Tuesday, February 8, 2022


Fourteen years ago, as teens dove into games and texts and social media, I wrote a book that said this digital age was turning them into addled, ignorant people, their eyes locked on little screens and their minds skipping books, history, newspapers, literature, religion, fine art and civics. I didn’t realize back then that “The Dumbest Generation” would turn into illiberal, vindictive adults.  

That’s what I say in my new book, “The Dumbest Generation Grows Up: From Stupefied Youth and Dangerous Adults.” Millennials are now in their mid-20s and 30s, and they’ve grown bitter and unforgiving, happy to cancel anyone who crosses liberal dogmas and pieties. 

When asked if Google was right to fire James Damore, the man who raised the prospect that under-representation of women in Silicon Valley might be due to biological differences between men and women, fully two-thirds of 18-24-year-olds said, “Yes, fire him,” and 50% of 26- to 35-year-olds said so. 

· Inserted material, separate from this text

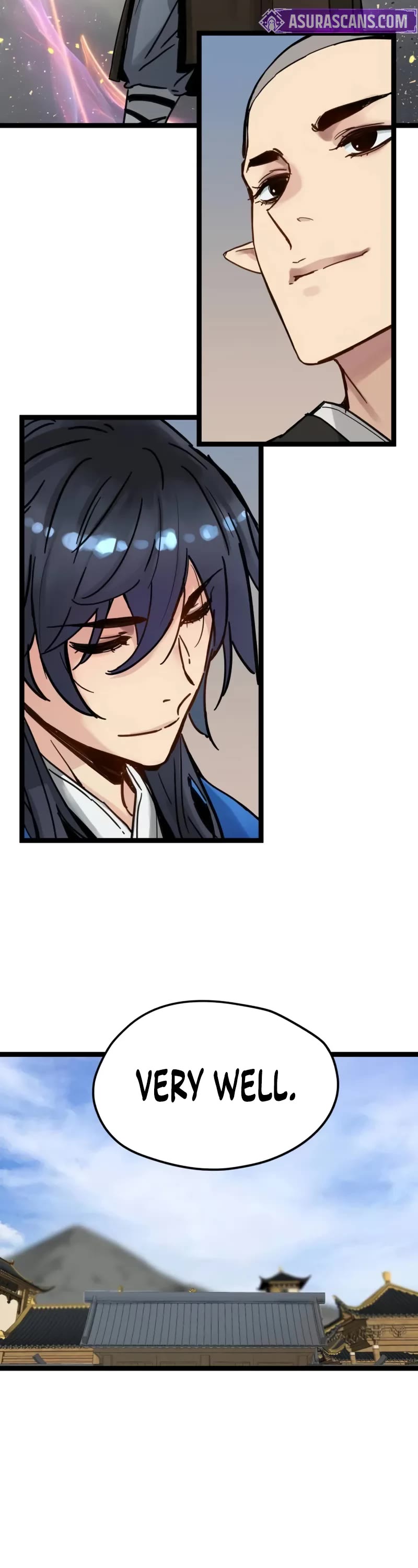 Surviving as a Genius on Borrowed Time Chapter 42 page 33 - Chapter 42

Mr. Damore’s “manifesto” was issued on a Google discussion platform and solicited by management, who wanted to hear what workers thought of its diversity policies, but no matter. What he said offended colleagues, so he had to go — and young people today cheer the decision.

Where is the independent spirit, the dissident voice that liberalism has traditionally appreciated? It is drowned in a wave of “woke” righteousness and coercion, which is led by the young.  

Liberalism of old celebrated Ralph Waldo Emerson’s self-reliance, Henry David Thoreau heading off to the woods and Huck lighting out for the territory. Benjamin Franklin ran away from servitude in Boston as a teen to make his own way as a printer in Philadelphia; Davy Crockett left politics in Washington and marched off to the Alamo; Rosa Parks wouldn’t give up her seat. Those feisty individuals wouldn’t bend to the crowd just because the crowd was many and they were one.  

“Speak your latent conviction,” Mr. Emerson urged, and let the chips fall.

Millennials don’t think that way. In what do they believe? Nothing specific, only a vague future where everybody’s happy and discrimination never happens. Most of them have no religion, a 2020 Harvard poll says only one-third identify as patriots and they aren’t marrying and having kids at nearly the rate of baby boomers. 

Simply put — God, country and family don’t mean too much to the young American.  

And that explains their over-investment in politics. Going to church and praying each day, serving in the military and staying up all night with a feverish child have a way of curbing political passions. You don’t get so upset over someone telling a dumb racial joke on Instagram. 

You haven’t the inclination to take offense at disagreeable opinions, or the energy, either. God gives you a transcendent horizon that puts daily events in perspective. Patriotism inspires gratitude; parenthood demands sacrifice. Who has time to fret over what Celebrity X said? Who cares?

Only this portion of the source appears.